■ What is required: Data follows below. Repeat exactly the lines between the line holding "NEW! Legion Crest Hat" and the line holding "1x Régulateur, quantité", inclusive, and nothing more; drop pictures.

■ Information:
---------------
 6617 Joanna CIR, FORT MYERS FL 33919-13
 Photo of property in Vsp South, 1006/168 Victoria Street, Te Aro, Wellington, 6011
---------------
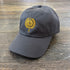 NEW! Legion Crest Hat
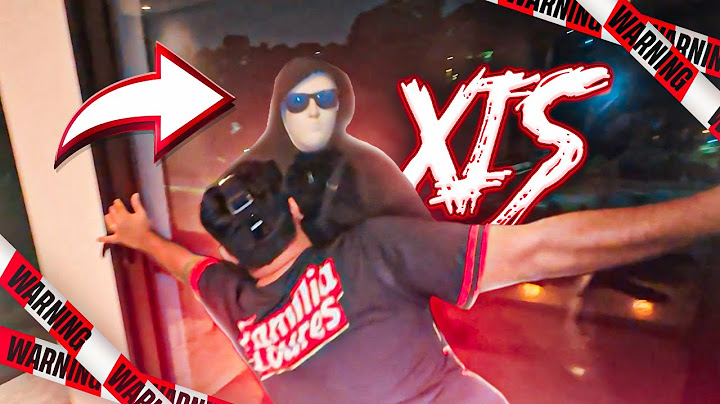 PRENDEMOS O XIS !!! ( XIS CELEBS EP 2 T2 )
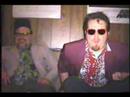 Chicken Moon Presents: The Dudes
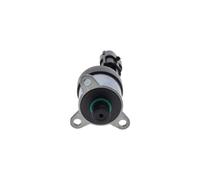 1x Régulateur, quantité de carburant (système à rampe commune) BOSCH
---------------
■ Answer section:
 NEW! Legion Crest Hat
 PRENDEMOS O XIS !!! ( XIS CELEBS EP 2 T2 )
 Chicken Moon Presents: The Dudes
 1x Régulateur, quantité de carburant (système à rampe commune) BOSCH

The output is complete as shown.